Please write out exactly the lines of the data below from the line holding "Unicorn BLEGH! Graphic Tee - Black" through the line holding "Luxury Lavender Wheat", and leave out the rest.

## GIVEN DATA
↓↓↓

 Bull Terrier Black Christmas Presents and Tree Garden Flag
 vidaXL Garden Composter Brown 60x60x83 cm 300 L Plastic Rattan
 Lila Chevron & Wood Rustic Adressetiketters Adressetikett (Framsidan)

↑↑↑
↓↓↓

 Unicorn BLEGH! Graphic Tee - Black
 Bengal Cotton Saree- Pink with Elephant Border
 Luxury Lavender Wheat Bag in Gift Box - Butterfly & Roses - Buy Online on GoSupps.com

↑↑↑

## YOUR SOLUTION
 Unicorn BLEGH! Graphic Tee - Black
 Bengal Cotton Saree- Pink with Elephant Border
 Luxury Lavender Wheat Bag in Gift Box - Butterfly & Roses - Buy Online on GoSupps.com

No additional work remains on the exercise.